**EXERCISE BRIEF**
The expected result is the full set of records, copied precisely, with images dropped.

((

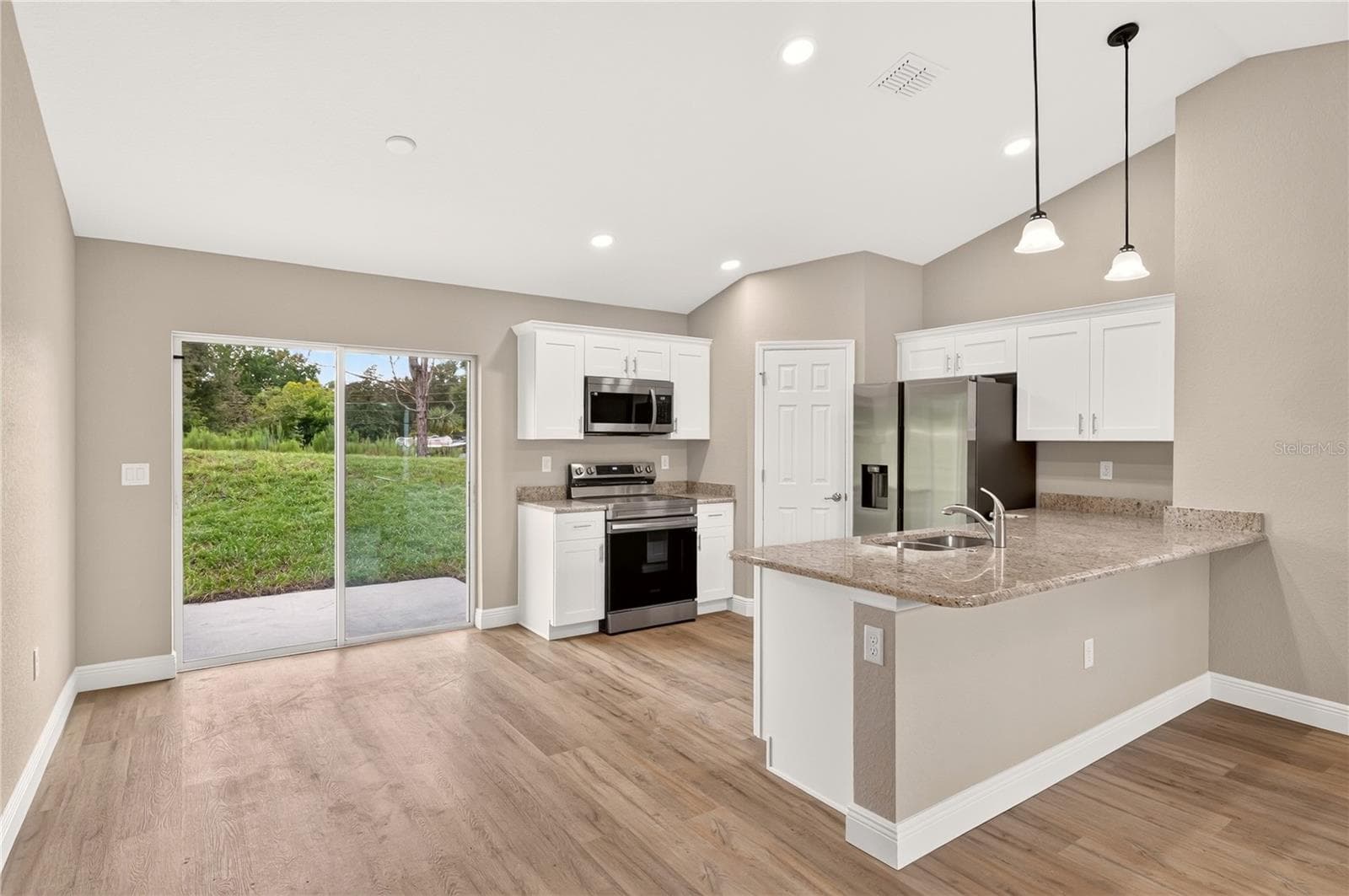 Single Family Residence at 19802 SW MARINE BLVD, DUNNELLON, photo 17 of 56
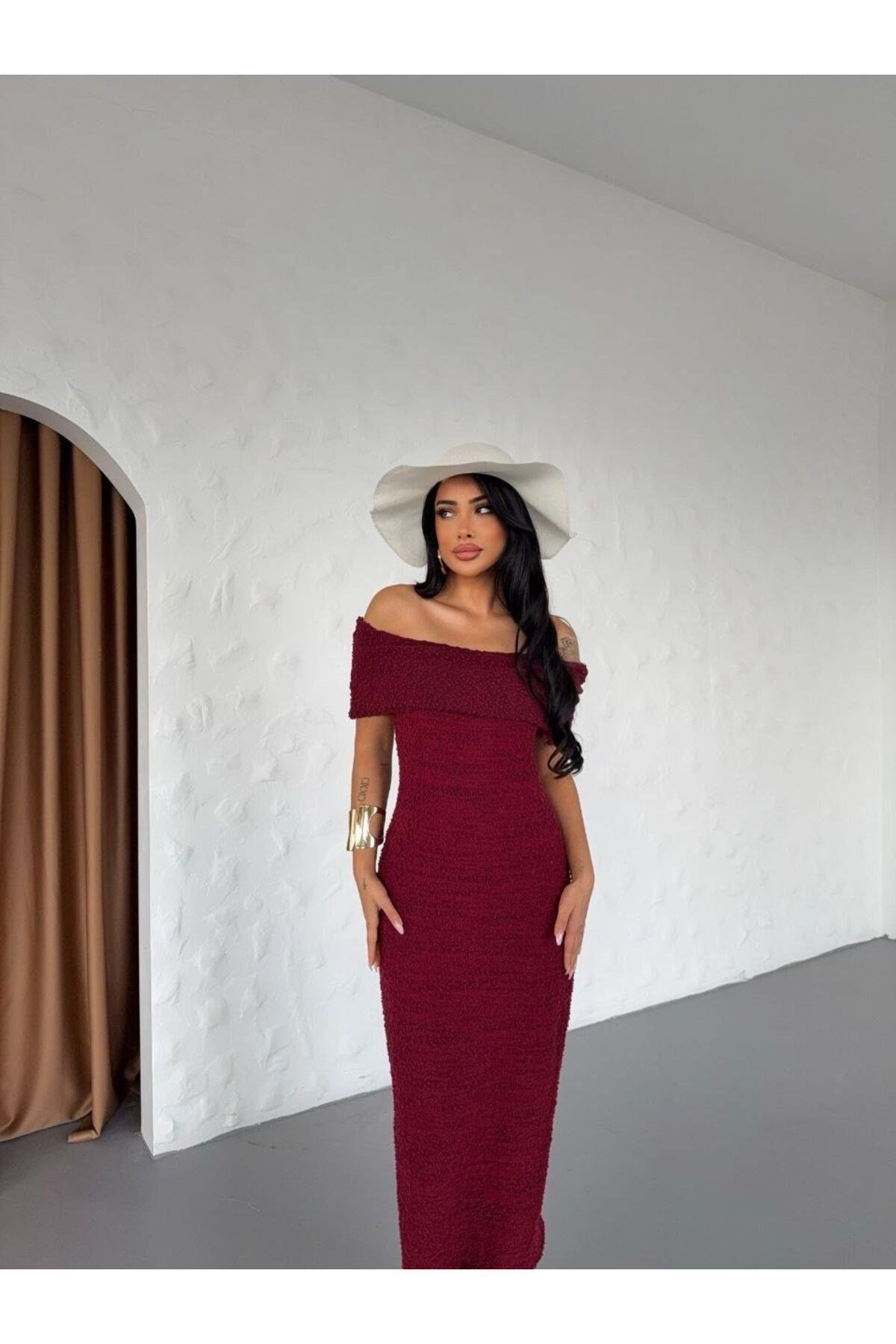 Kadın Siyah Madonna Yaka Dokulu Uzun Triko Elbise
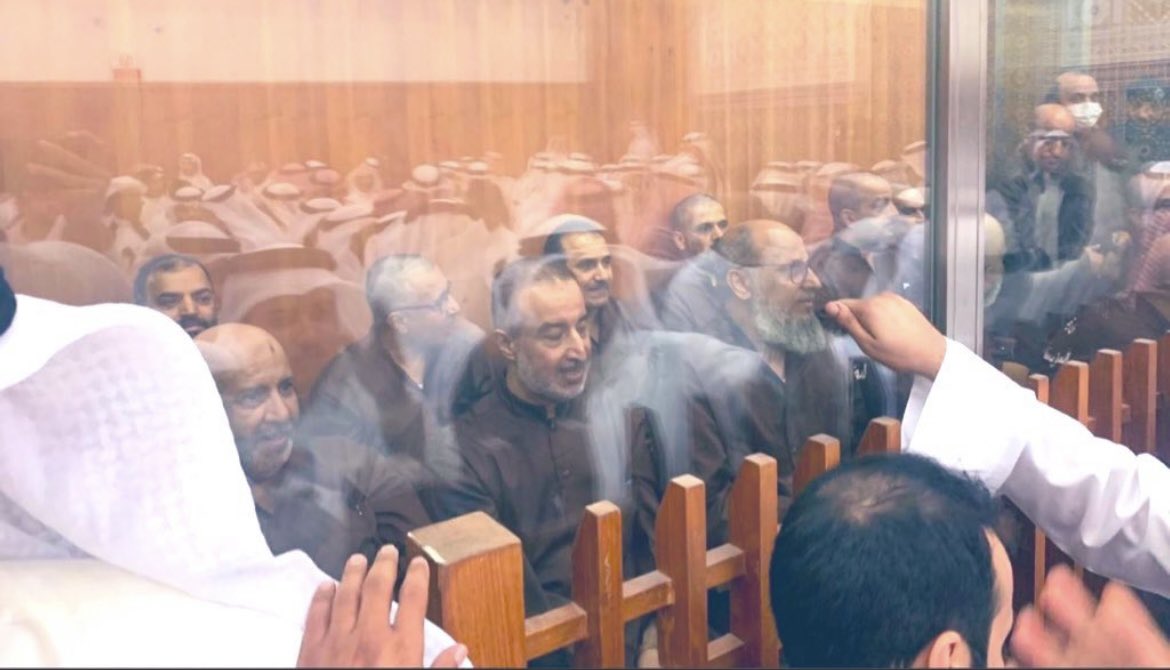 يقول : مساعد الرشيدي

تصغر على شمَر وتكبر على الغير 
مافيه شيئ يصعب بعين شمر 

لا والله هالمنطر صعب علينا حيل وزعجنا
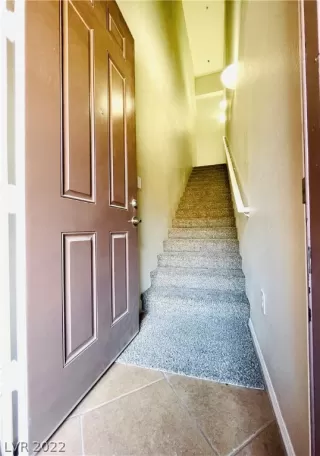 Photo #5: 2384337 Listing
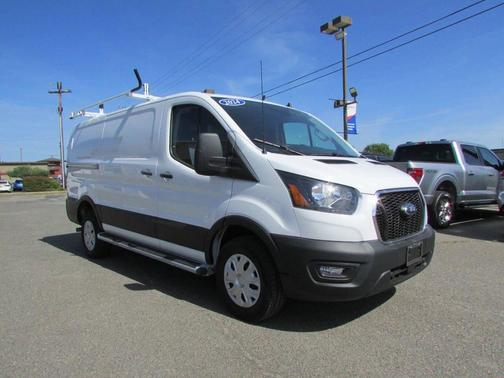 Oxford White 2024 Ford Transit-250 Base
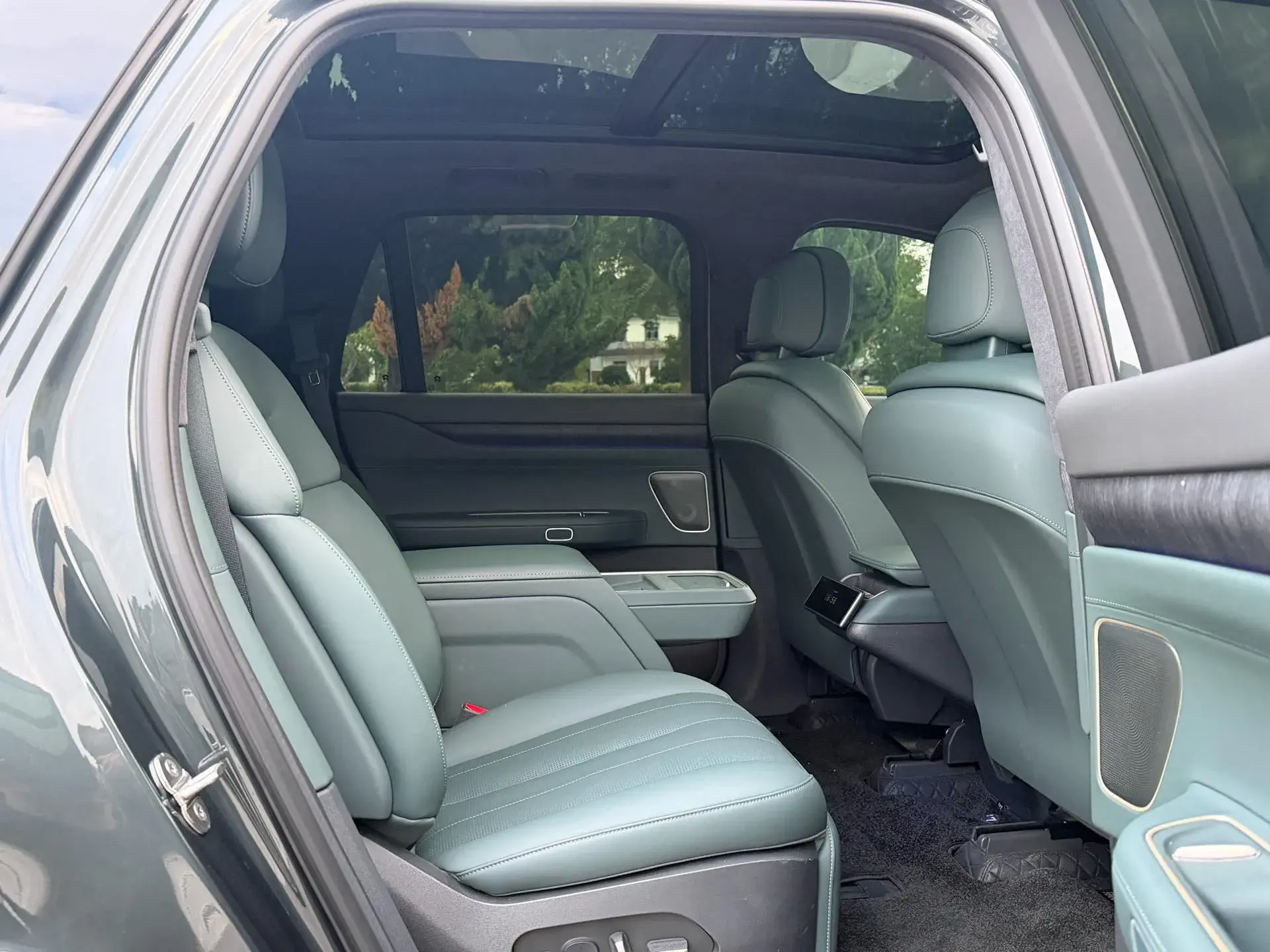 2023 NIO ES8 thumbnail 3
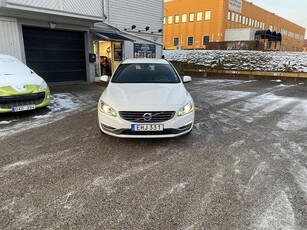 Volvo V60 D4 Momentum Eu6 NYSERVAD Värmare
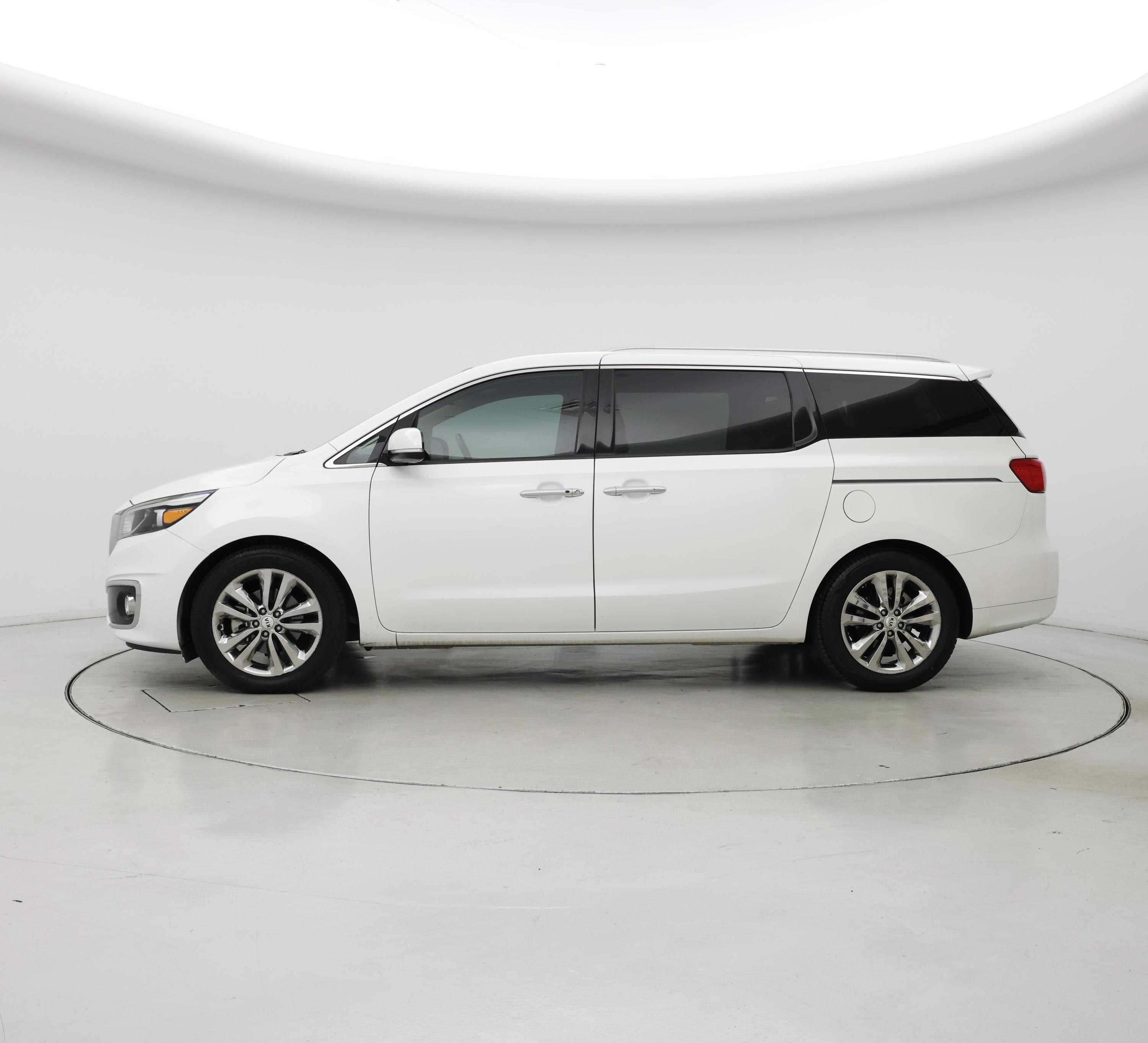 Thumbnail: 2016 Kia Sedona - 3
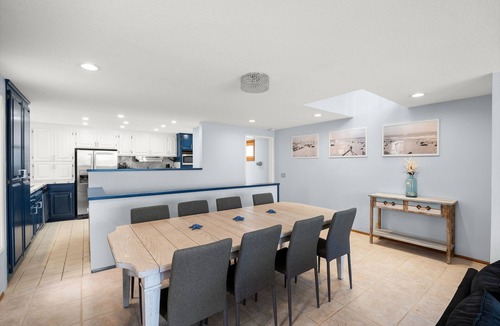 Hollywood House | 3446 O - Blue Haven Beach House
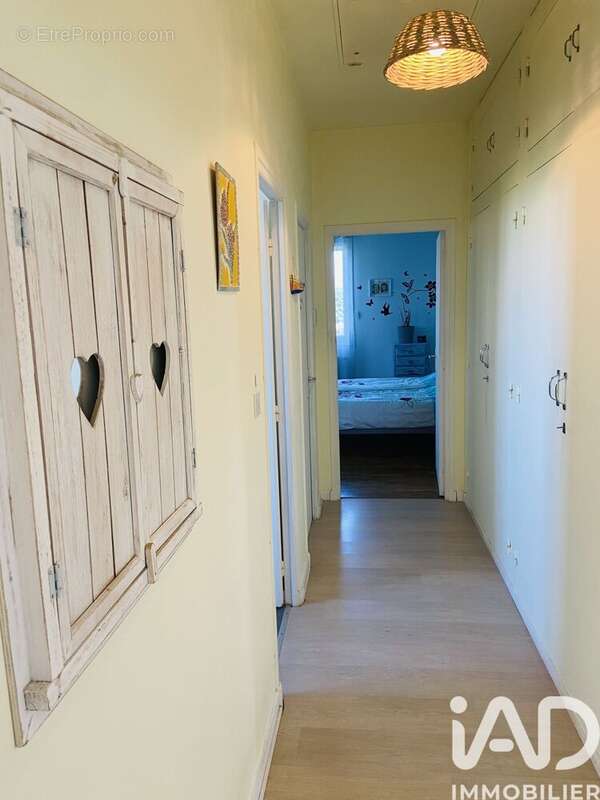 Maison 110 m² à Anglars-Juillac  - photo 8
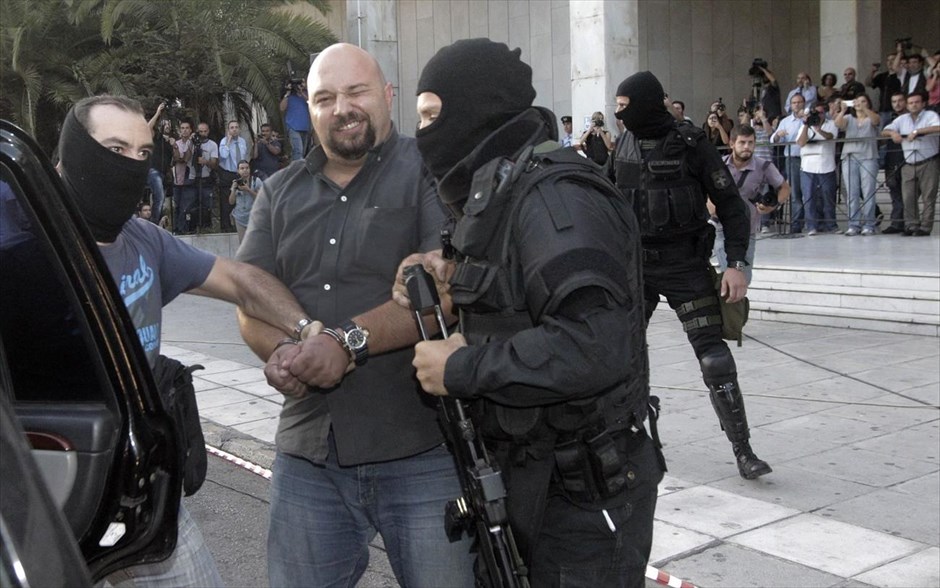 ΓΑΔΑ - Χρυσή Αυγή - Παναγιώταρος. Ο βουλευτής της Χρυσής Αυγής Ηλίας Παναγιώταρος κατά την μεταγωγή των συλληφθέντων βουλευτών και στελεχών της Χρυσής Αυγής, από το κτίριο της Γενικής Αστυνομικής Διεύθυνσης Αθηνών (Γ.Α.Δ.Α.) επί της Λεωφ.Αλεξάνδρας, στο κτίριο της Εισαγγελίας Πρωτοδικών, στην οδό Ευελπίδων.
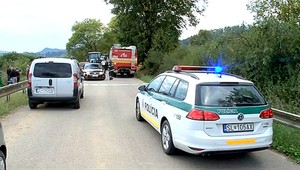 Motorkári sa zrazili s traktorom. Jeden nehodu neprežil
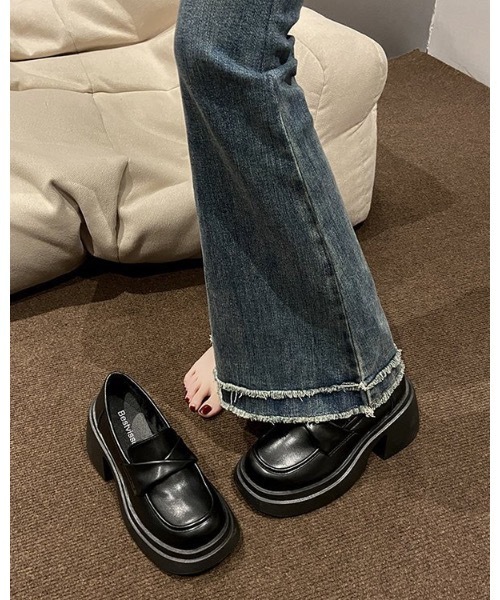 Burner(バーナー)の「【OKUOKU 0909】厚底 ローファー oku-shoes-718633510728-29 M(ローファー・レディース・アイボリー/ブラック・36/38/40/39)」の8枚目の写真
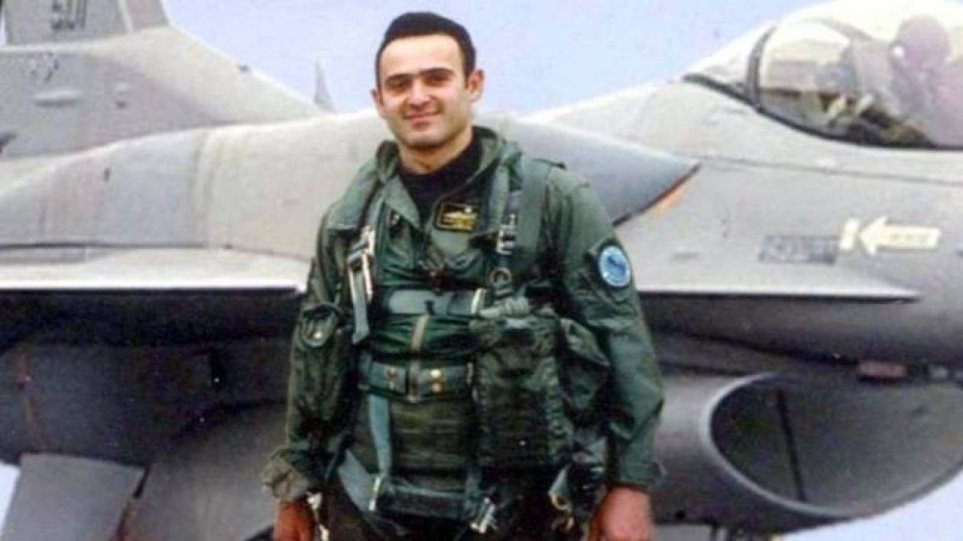 Η στιγμή που το τουρκικό μαχητικό χτυπάει το ελληνικό F-16 του σμηναγού Ηλιάκη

))

**YOUR SOLUTION**
 Single Family Residence at 19802 SW MARINE BLVD, DUNNELLON, photo 17 of 56
 Kadın Siyah Madonna Yaka Dokulu Uzun Triko Elbise
 يقول : مساعد الرشيدي

تصغر على شمَر وتكبر على الغير 
مافيه شيئ يصعب بعين شمر 

لا والله هالمنطر صعب علينا حيل وزعجنا
 Photo #5: 2384337 Listing
 Oxford White 2024 Ford Transit-250 Base
 2023 NIO ES8 thumbnail 3
 Volvo V60 D4 Momentum Eu6 NYSERVAD Värmare
 Thumbnail: 2016 Kia Sedona - 3
 Hollywood House | 3446 O - Blue Haven Beach House
 Maison 110 m² à Anglars-Juillac  - photo 8
 ΓΑΔΑ - Χρυσή Αυγή - Παναγιώταρος. Ο βουλευτής της Χρυσής Αυγής Ηλίας Παναγιώταρος κατά την μεταγωγή των συλληφθέντων βουλευτών και στελεχών της Χρυσής Αυγής, από το κτίριο της Γενικής Αστυνομικής Διεύθυνσης Αθηνών (Γ.Α.Δ.Α.) επί της Λεωφ.Αλεξάνδρας, στο κτίριο της Εισαγγελίας Πρωτοδικών, στην οδό Ευελπίδων.
 Motorkári sa zrazili s traktorom. Jeden nehodu neprežil
 Burner(バーナー)の「【OKUOKU 0909】厚底 ローファー oku-shoes-718633510728-29 M(ローファー・レディース・アイボリー/ブラック・36/38/40/39)」の8枚目の写真
 Η στιγμή που το τουρκικό μαχητικό χτυπάει το ελληνικό F-16 του σμηναγού Ηλιάκη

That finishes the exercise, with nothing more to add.